Thursday, June 16, 2011

12. "Farmer" Brown

by Horace P. Sternwall

edited by Dan Leo *

illustrated by rhoda penmarq and roy dismas

*Ass’t Professor of Classics and Religious Studies, Olney Community College; editor of Days of Despair, Nights of Ecstasy: The Memoirs of Horace P. Sternwall, Vol. 2.

click here for previous episode, here to begin at the beginning










Mr Phineas “Farmer” Brown had come to the city well over thirty years ago when he was a young man, ostensibly to seek his fortune. He had moved into his current rooms at the St Crispian during that first year, back when he still at least made a pretense of seeking his fortune or indeed any sort of paid employment at all. His monthly bills at the hotel were paid by his family’s banker back home in Peru, Indiana. The banker also remitted to the hotel the sum of three hundred dollars per month for Mr Brown’s “personal” expenses, with strict instructions that he was to receive no more than ten dollars of it on any given day. Mr Brown laughingly referred to this daily remittance as his “salary”, and he picked it up, in the form of nine or ten crisp one-dollar bills, at the front desk every morning at eleven-thirty on his way to the coffee shop for his breakfast.

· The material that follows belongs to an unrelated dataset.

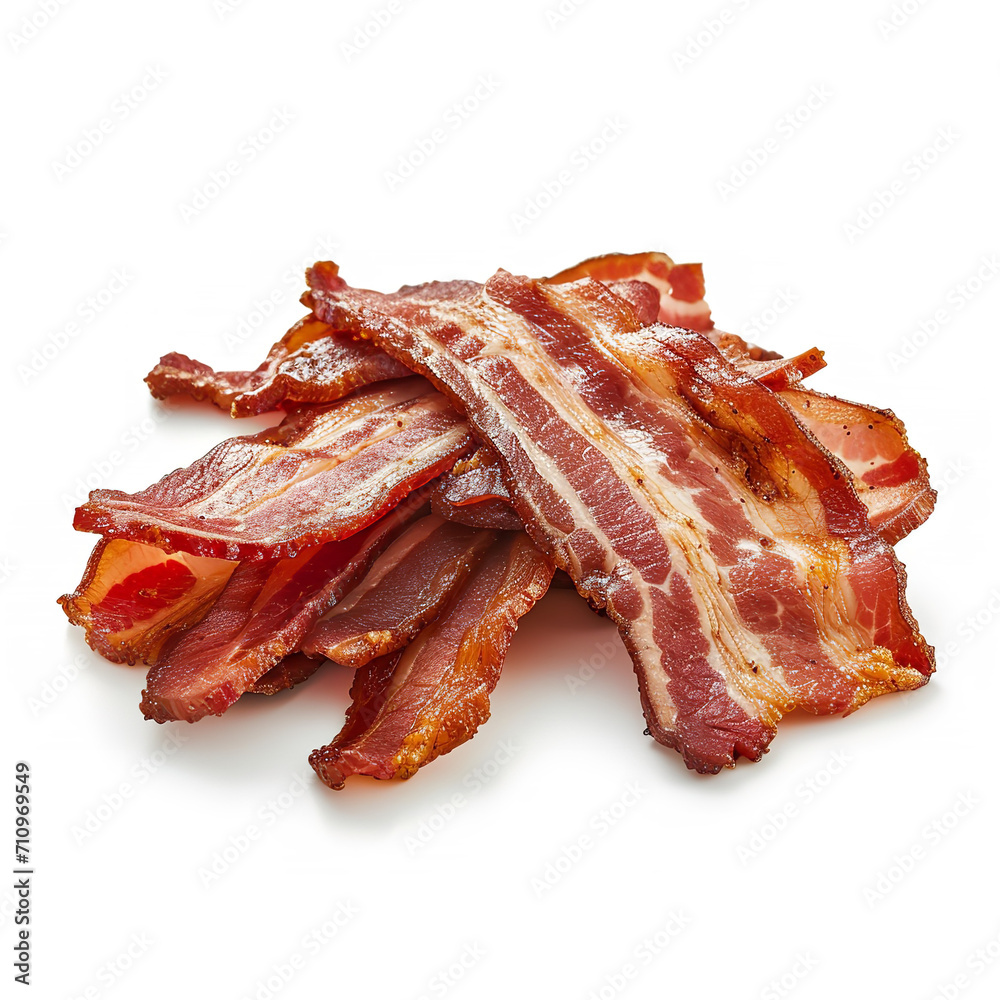 Bacon isolated on a white background Bacon isolated on a white background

Although he was fond of the ladies, Mr Brown had never married. When people asked why, and they did, people are very nosey, he would chuckle and say that marriage seemed too much like work.




Yes, the days when he had even pretended to seek employment were long gone, as were the days when he “had a few irons in the fire”, when “he had a couple-three deals working”, when he was “looking into some business opportunities down in Costa Rica, lots of money to be made down there”; gone the time when he had bought a smock and some paints and brushes and taken classes at the Art League, or when he was supposedly “working on a musical based on Stephen Crane’s Maggie: A Girl of the Streets (retitled, simply, Maggie!)”, all those days were gone.

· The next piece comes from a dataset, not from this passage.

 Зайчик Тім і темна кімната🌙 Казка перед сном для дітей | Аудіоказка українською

Now he never pretended to be anything but what he was, a lazy idle loafer, living off a tiny trickle from the enormous fortune his hardworking grandfather had made in the hog business.




“This is my fortune,” he would say, waving his hand in a gesture that seemed to take in not just the rigorously quaint lobby of the St Crispian, but even the great world beyond it, even though he had not traveled farther than six blocks in any direction from the hotel in perhaps twenty years.

“This is my life.”

Smiling in his genial way.

“This, all this -- this is my art.”








chapter 13. jake gets ideas

1 comment:

Unknown said...

I just read on FB an Aristotle quote that the best way to avoid criticism was to do nothing...(a few other "nothings" were in there--be, think, I'm not sure.)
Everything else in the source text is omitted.